At the beginning of the new year, Bitcoin temporarily recaptured the $100,000 level, causing investors to feel tremendous enthusiasm. The upswing, on the other hand, did not last long as sentiment in the derivatives market and data from macroeconomic data did not provide enough support for sustained growth as mentioned in the latest release the latest crypto derivatives reportpublished weekly with Blocks Scholes.
Macro data and inflationary pressures
The macroeconomic turmoil was a significant factor that significantly affected risk assets. The Job Openings and Labor Turnover Survey (JOLTS) in the United States reported that there were 8.1 million job openings in November, a six-month high. This indicates that the labor market is doing well. Meanwhile, the ISM Services Index for December revealed a six-point increase in service costs, fueling fears of continued inflation. The pace of future rate cuts in the US, which are essential for equity assets that rely on liquidity, such as cryptocurrencies, were called into question as a result of these data points.
Rising energy prices are the primary driver behind the headline inflation rate of 2.4% and core inflation of 2.7% revealed by flash inflation estimates for the month of December 2024 in Europe. While this was going on, China continued to struggle with deflationary pressures, drawing attention to the differences in the global economy.
Derivatives market sentiment: A mixed bag
Similar to the cautious macroeconomic environment, derivatives markets exhibited the same behavior. The realized volatility of Bitcoin at the end of December 2024 was twenty points lower than the one-month implied volatility. This represented the largest volatility premium since the 2020 US election. The long-term options, on the other hand, showed a bullish bias, indicating that investors are optimistic about Bitcoin’s long-term prospects.
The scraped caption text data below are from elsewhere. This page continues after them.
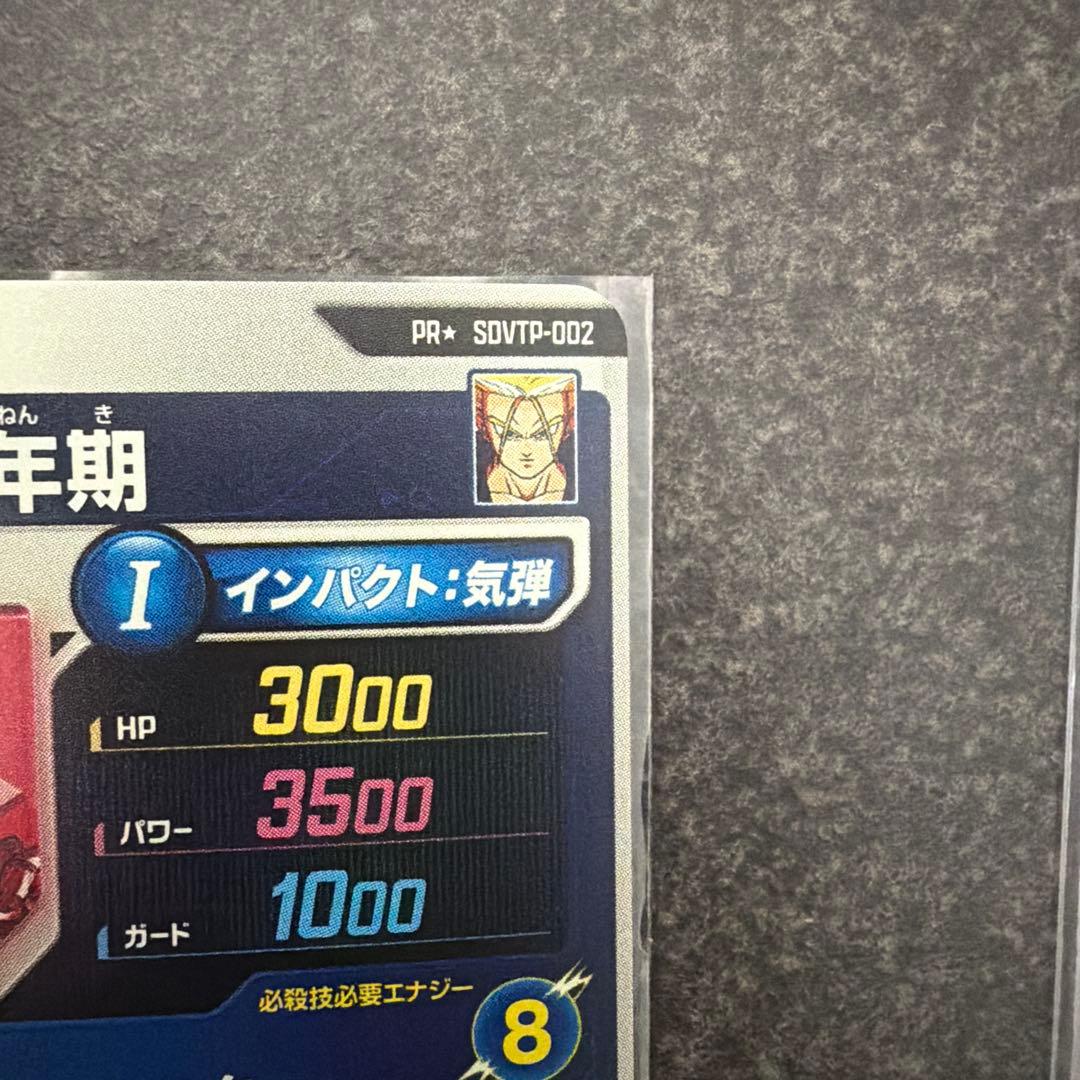 ドラゴンボールスーパーダイバーズ トランクス 大会プロモ パラレル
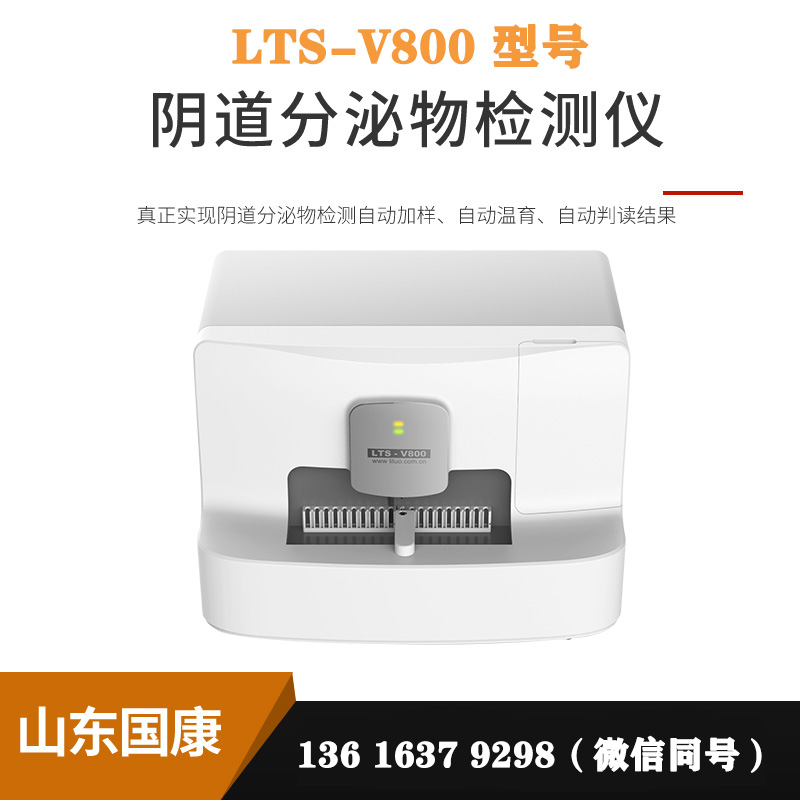 全自动白带常规分析仪：白带检查从单一清洁度升级为阴道菌群精准分析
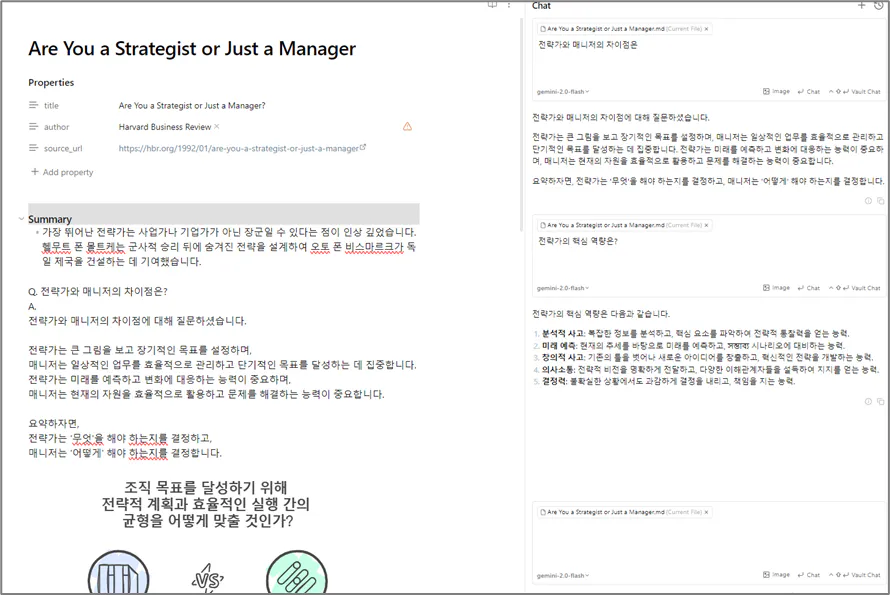 한국어 텍스트가있는 페이지의 스크린 샷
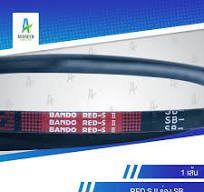 สายพานแบนโด RED S II ร่อง SB 50 - 67 สายพาน สายพานร่องเรียบ สายพานร่องวี  BANDO V Belts สายพานเครื่องจักร สายพานอุตสาหกรรมการเกษตร สายพานรถ | ...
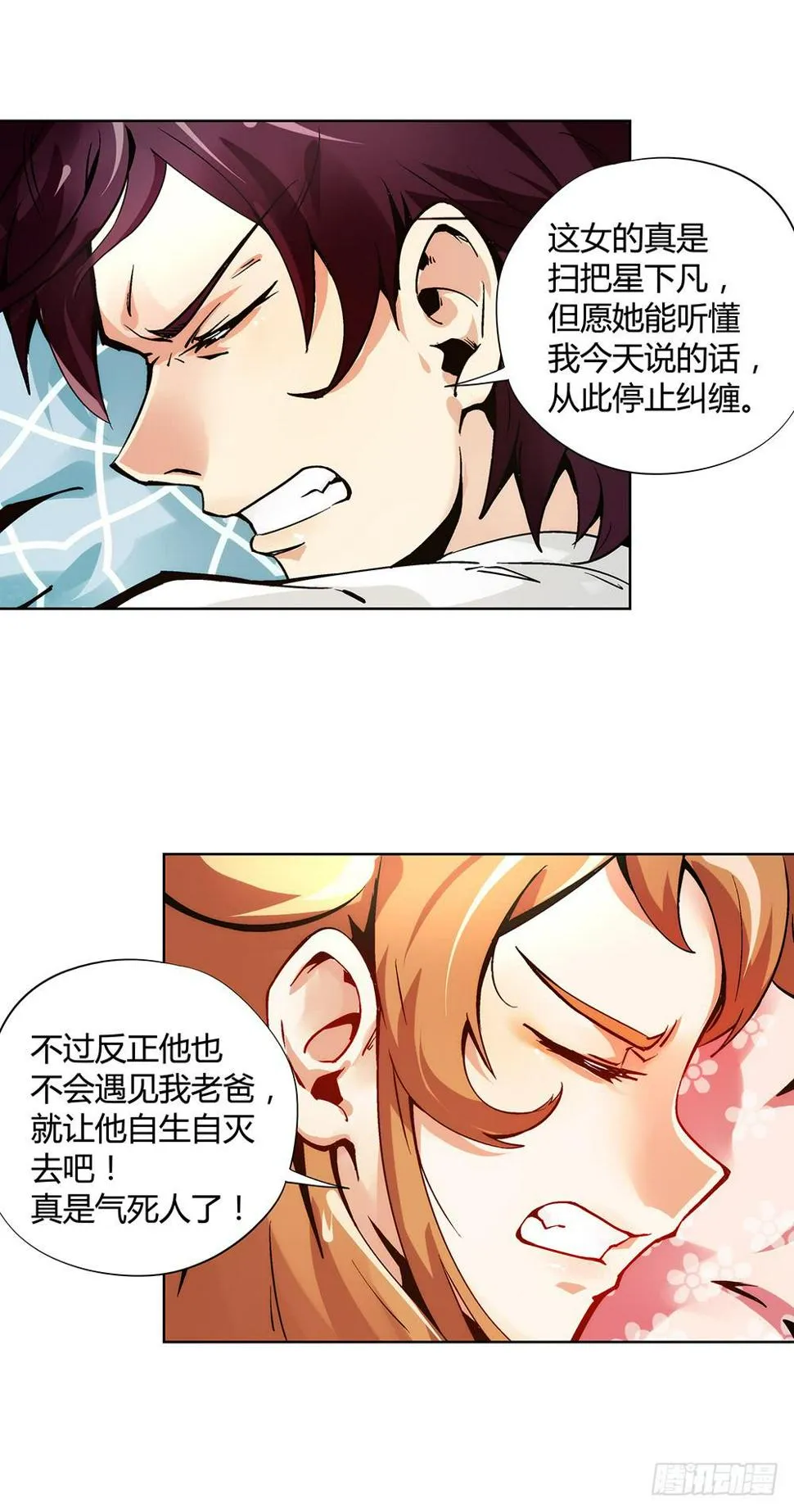 再也不想有交集！ 第70页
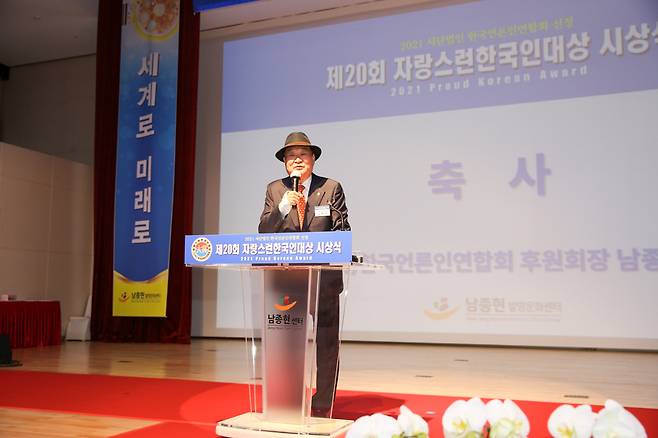 지난 22일 강원도 철원군 그래미 남종현 발명문화센터 대평홀에서 제20회 자랑스런 한국인대상 시상식이 열렸다. 사진은 그래미 남종현 회장 /사진 = 한국언론인연합회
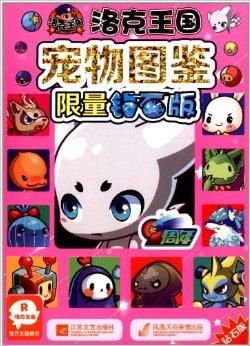 洛克王国手游下载 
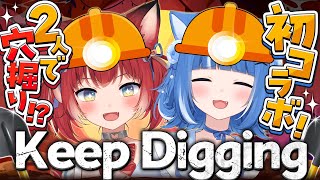 [Vtub] 海月雲ろあ/赤見かるび Keep Digging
Despite lower trading volumes during the holiday season, open interest in Bitcoin perpetual contracts remained stable compared to previous levels the large expiration of option contracts in December 2024. This was one of the factors that contributed to the reduction in realized volatility. On the other hand, Bitcoin and Ethereum options trading showed trends that differed from each other. As a result of an increase in long-term implied volatility, the term structure of Bitcoin became steeper. On the other hand, Ethereum experienced a significant increase in selling contracts, indicating that traders were taking a cautious approach.
Bybit Analytics: Key Insights
According to the report published by Bybit, trading volumes for Bitcoin and Ethereum perpetual contracts experienced a significant decrease during the winter break. The decline in liquidity was not limited to weekends or public holidays; rather, it was sustained throughout the period, contributing to a reduction in volatility that was quite significant. Despite this, open interest rates remained unchanged, which seems to indicate that market participants did not hedge their positions heavily.
Funding rates and market reactions
Bitcoin’s first rise above $100,000 was backed by positive funding rates at the start of the year. This rise was driven by ETF inflows totaling approximately $2 billion over the course of two trading days. After the release of the JOLTS data, however, the bullish sentiment saw a dramatic shift in the other direction. Funding rates dipped into negative territory, but the absence of significant liquidation events indicated that the system was at a lower level of leverage compared to previous market downturns.
A broader perspective on volatility
What lies ahead?
The cryptocurrency market may see new levels of volatility as it navigates the early days of 2025. This volatility may be caused by significant macroeconomic events such as the US Nonfarm Payroll Report and China’s Consumer Price Index data. In addition, events in geopolitics and regulatory policies continue to be very important to the direction of the market.
It is recommended that traders and investors keep a close eye on these events as the interaction between macroeconomic variables and market sentiment continues to influence the cryptocurrency landscape. Get access to the full report here.